Summary and Analysis Section X: United States Senate: Federalists No. 62–66 (Madison or Hamilton)

 

Summary

This section follows the pattern of the previous section, and is concerned with the qualifications and powers of the Senate.

In Chapter 62, qualifications for senators were these: they had to be at least 30 years old, and to have been citizens of the nation for nine years. They were to be designated by the elected legislatures of the individual states. Senators would hold office for six years, but under a rotation system whereby one-third of the body would be up for election every two years.

At any one time, therefore, two-thirds of the Senate would consist of experienced members, which would give stability and continuity to the Senate's deliberations and decisions.

In the Senate, unlike the House, the states would have equal representation; each state, no matter how large or how small, would have two senators. Brought about by a compromise, this was a "constitutional recognition of the portion of sovereignty remaining in the individual states." This arrangement would impede passage of bad legislation. No law or resolution could be passed "without the concurrence first of a majority of the people [speaking through the House of Representatives), and then of a majority of the states [speaking through the Senate]."

In Chapter 63, the stability and wisdom of such a select Senate would do much to gain the United States more respect from foreign nations. Examples from the history of the republics of antiquity supported this view.

In Chapter 64, the proposed constitution would give the president the power to make treaties, "by and with the advice and consent of the senate," provided that two-thirds of the senators present concurred.

This proviso was a wise one.

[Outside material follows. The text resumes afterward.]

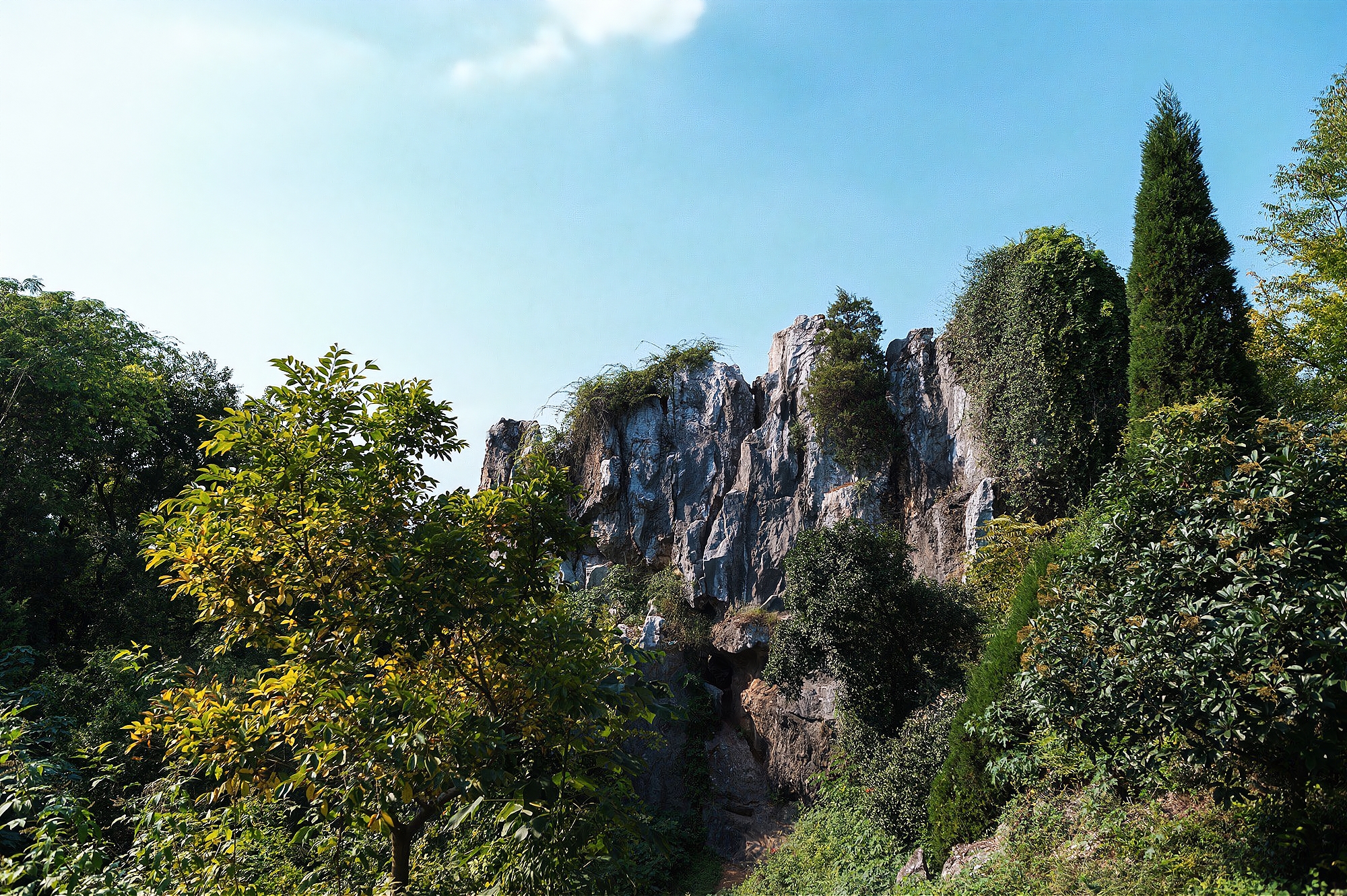 苏州太湖中像蟠桃的小岛,苏州太湖边隐藏着一个世外桃源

The method of electing senators, and the president, would ensure that direction of foreign affairs would be exercised by men "most distinguished by their abilities and virtue, and in whom the people perceive just grounds for confidence. . . . With such men the power of making treaties may be safely lodged." That power could not be safely entrusted to popular assemblies such as the House of Representatives, subject to drastic changes every two years.

To suppose that "corruption" might influence the president and two-thirds of the Senate in making treaties was an idea "too gross and too invidious to be entertained."

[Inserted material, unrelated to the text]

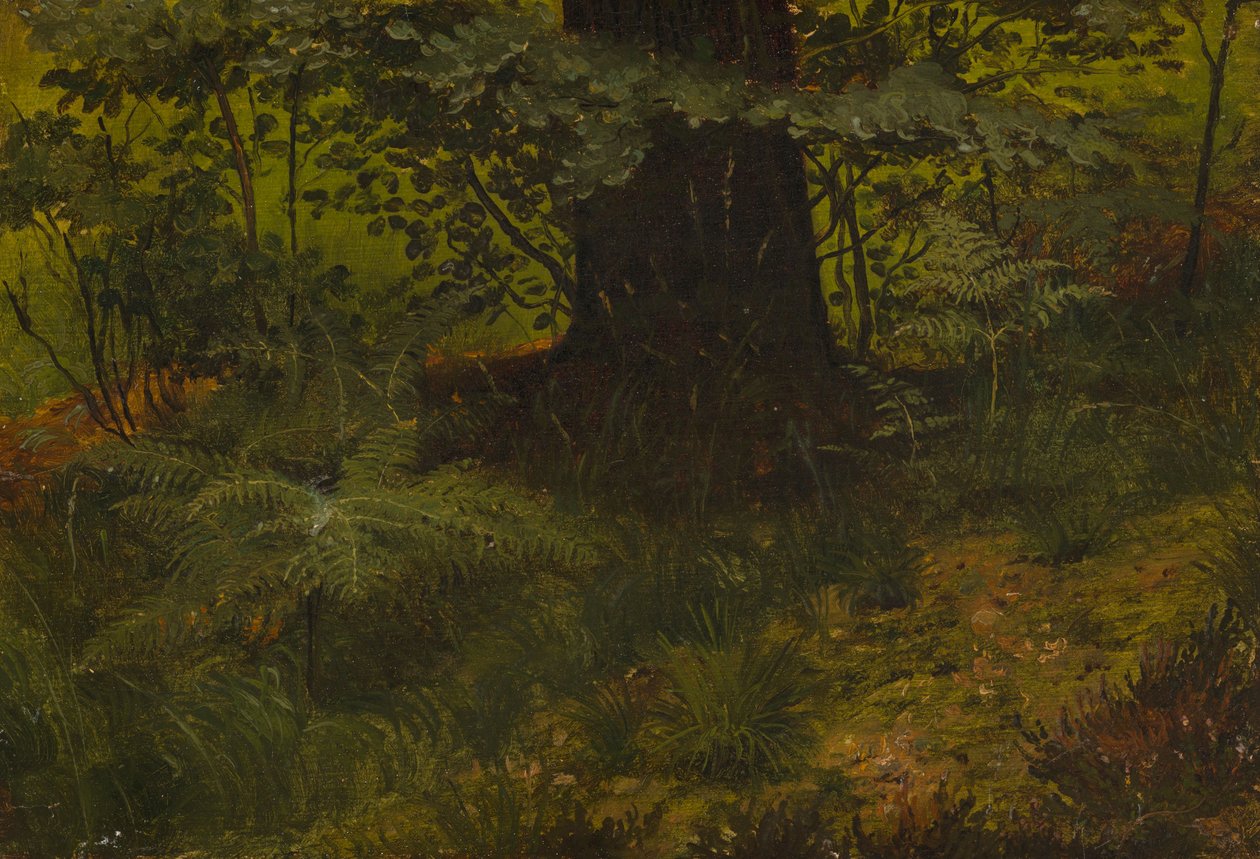 Sin título de Werner Holmberg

In Chapter 65, the proposed constitution gave the Senate the power to participate with the executive in the appointment of major national officers, and to act as a court in impeachment trials. By its character and composition the Senate was well fitted to initiate, prosecute, and judge impeachment proceedings, acting as a "bridle" on those exercising executive powers.

In Chapter 66, the Senate would sit as a jury after the House had passed a motion for impeachment. A two-thirds majority in favor of conviction would be required in the Senate; that would provide ample "security to innocence," and there would be no danger of persecutions.

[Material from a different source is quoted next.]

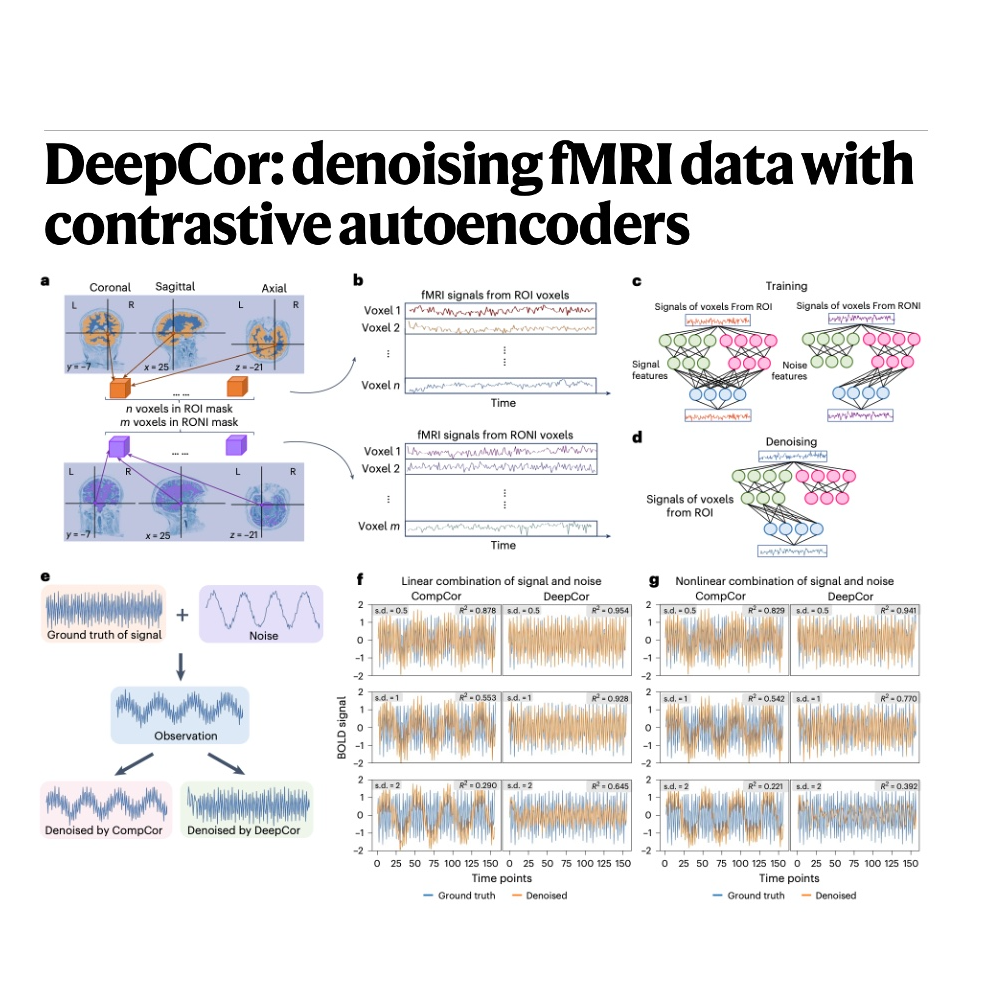 314-DeepCor: Contrastive Autoencoders for fMRI Denoising 314-DeepCor: Contrastive Autoencoders for fMRI Denoising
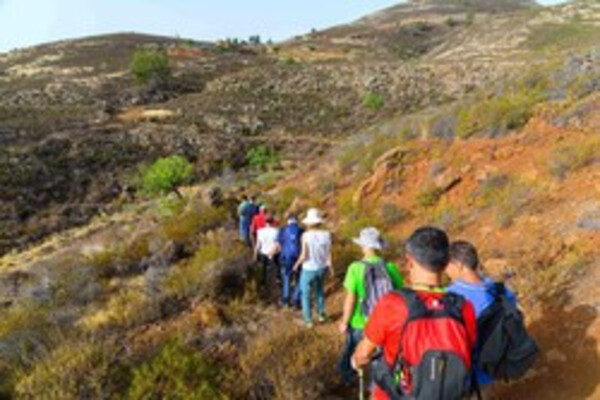 Tenerife recupera el Camino Viejo de Candelaria para la peregrinación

As proposed in the Constitution, the president would nominate men for government office and appoint them "with the advice and consent of the senate." But the Senate would have no voice in choosing nominees. If it disapproved of a particular nominee, the Senate could reject him and force the president to name another, thus having the power to exercise a veto on major appointments.

Analysis

As this section is largely expository, detailing the nature and necessity of the powers to be exercised by the United States Senate, there is no need to comment except perhaps to note this: Publius made much of the "distinctive" character of the Senate arising from the fact that its members would be chosen by the state legislatures, and not directly by the people, as was the case with members of the House of Representatives. In 1913, with the adoption of the Seventeenth Amendment to the Constitution, it was stipulated that United States Senators in each state were to be "elected by the people thereof."